WHEREAS, the Company is engaged in the sales of Listings and Profiles on the Internet at "Who's Who" In Global Network Marketing www.whoswhomlm.com and the Independent Affiliate is desirous of selling said Listings and Profiles to Network Marketing Distributors (NMDs), hereinafter referred to as Customers, worldwide, which shall hereinafter be referred to as the Territory.

NOW, THEREFORE, in consideration of the mutual promises herein, it is agreed as follows:

A.The Company agrees to:

  1. Authorize the Independent Affiliate to solicit orders for customer Listings and Profiles on the Internet at "Who's Who" In Global Network Marketing www.whoswhomlm.com within the worldwide Territory.
  2. Pay the Independent Affiliate as full compensation for customer Listing and Profile sales herein a commission of Twenty Percent (20%) and an override commission on all Listing and Profile sales by personally sponsored Independent Affiliates of Ten Percent (10%) computed on the net amount of sales which have been received and accepted by the Company from Customers within the Territory, in accordance with the conditions of this Agreement, and which have been paid by the Customer. Commission payments to the Independent Affiliate shall be earned when sales are completed by the Customer's payment to the Company. Commission payments to the Independent Affiliate shall be made within Seven (7) days after the end of the week in which the Customer payment is received, paid bi-weekly. The payment of commissions will be accompanied by a statement on which they are based.
  3. Pay the Independent Affiliate as full compensation for RENEWAL customer Listing and Profile sales herein a commission of Twenty Percent (20%) and an override commission on all Listing and Profile sales by personally sponsored Independent Affiliates of Ten Percent (10%) computed on the net amount of sales which have been received and accepted by the Company from Customers within the Territory, in accordance with the conditions of this Agreement, and which have been paid by the Customer. Commission payments to the Independent Affiliate shall be earned when sales are completed by the Customer's payment to the Company. Commission payments to the Independent Affiliate shall be made within Seven (7) days after the end of the week in which the Customer payment is received, paid bi-weekly. The payment of commissions will be accompanied by a statement on which they are based.
  4. Covenant and acknowledge that the Independent Affiliate shall indemnify and save the Company from and against any and all expenses, damages, costs (including but not limited to court costs), charges, fees (including but not limited to attorney's fees), liabilities, actions, causes of action and otherwise, directly or indirectly arising from or associated with the Company's operation or its business activities, from any claim for breach of performance or for any claim for negligence by the Company by whomsoever asserted whether such claims be frivolous or not.

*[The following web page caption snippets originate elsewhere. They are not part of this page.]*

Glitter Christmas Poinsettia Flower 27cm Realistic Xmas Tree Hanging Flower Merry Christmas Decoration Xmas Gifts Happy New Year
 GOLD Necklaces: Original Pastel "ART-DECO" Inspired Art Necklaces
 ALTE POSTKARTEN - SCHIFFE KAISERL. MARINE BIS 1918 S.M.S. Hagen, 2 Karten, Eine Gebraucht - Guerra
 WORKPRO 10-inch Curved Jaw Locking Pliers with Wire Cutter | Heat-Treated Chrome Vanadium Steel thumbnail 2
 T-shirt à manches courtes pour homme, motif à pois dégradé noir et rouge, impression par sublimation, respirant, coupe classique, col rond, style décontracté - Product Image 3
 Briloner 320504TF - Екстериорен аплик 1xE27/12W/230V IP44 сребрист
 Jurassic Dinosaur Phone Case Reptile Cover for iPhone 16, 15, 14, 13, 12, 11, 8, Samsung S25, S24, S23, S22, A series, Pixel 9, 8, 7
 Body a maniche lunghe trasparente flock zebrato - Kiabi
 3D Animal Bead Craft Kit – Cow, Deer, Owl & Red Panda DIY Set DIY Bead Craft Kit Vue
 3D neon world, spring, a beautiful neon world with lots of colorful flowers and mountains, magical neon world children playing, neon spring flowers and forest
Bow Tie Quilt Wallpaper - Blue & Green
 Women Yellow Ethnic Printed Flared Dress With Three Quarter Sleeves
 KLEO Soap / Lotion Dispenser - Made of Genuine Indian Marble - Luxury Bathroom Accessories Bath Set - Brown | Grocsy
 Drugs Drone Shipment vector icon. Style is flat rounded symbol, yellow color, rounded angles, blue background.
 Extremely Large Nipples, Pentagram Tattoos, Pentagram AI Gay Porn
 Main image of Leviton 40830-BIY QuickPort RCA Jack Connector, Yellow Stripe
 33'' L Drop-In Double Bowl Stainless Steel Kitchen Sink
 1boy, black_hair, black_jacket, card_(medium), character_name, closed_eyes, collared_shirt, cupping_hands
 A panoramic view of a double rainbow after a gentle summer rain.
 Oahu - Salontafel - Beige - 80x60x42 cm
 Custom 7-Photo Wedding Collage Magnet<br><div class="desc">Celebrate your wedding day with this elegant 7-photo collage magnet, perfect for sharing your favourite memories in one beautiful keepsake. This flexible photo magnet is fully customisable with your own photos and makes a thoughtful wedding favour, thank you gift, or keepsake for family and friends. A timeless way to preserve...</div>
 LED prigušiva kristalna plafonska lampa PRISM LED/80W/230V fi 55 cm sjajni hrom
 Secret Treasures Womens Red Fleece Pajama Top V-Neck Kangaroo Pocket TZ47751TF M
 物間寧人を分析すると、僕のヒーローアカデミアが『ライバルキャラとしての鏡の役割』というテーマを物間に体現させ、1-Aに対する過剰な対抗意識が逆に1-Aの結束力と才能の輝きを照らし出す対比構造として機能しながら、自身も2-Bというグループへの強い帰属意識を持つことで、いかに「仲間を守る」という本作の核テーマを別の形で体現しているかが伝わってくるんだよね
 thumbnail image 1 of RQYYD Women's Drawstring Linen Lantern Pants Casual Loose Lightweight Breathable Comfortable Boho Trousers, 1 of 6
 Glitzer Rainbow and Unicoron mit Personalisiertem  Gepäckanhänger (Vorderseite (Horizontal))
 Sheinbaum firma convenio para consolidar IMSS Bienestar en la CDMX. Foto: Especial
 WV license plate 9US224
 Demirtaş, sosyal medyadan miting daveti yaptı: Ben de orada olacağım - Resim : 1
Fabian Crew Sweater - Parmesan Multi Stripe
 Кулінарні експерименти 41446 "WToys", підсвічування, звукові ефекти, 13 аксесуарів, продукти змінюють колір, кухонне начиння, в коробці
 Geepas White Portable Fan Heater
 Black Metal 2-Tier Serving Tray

B.The Independent Affiliate agrees to:

 

  1. Diligently and faithfully exert his best efforts to secure approval of such designated customer Listing and Profile sales for "Who's Who" In Global Network Marketing www.whoswhomlm.com sales.
  2. The Independent Affiliate will not seek to hold the Company liable, directly or indirectly for any obligation of any kind or character whatsoever, except such as may be agreed upon in writing and to indemnify and hold harmless the Company for any and all claims, including attorney's fees incurred by the Company by reason of any act or omission of the Independent Affiliate except as authorized in this Agreement.
  3. After notice of termination of this agreement has been issued by either party, final settlement of the commission account of the Independent Affiliate shall be contingent upon the return to the Company in reasonably good condition all sales materials and "Who's Who" logo icon.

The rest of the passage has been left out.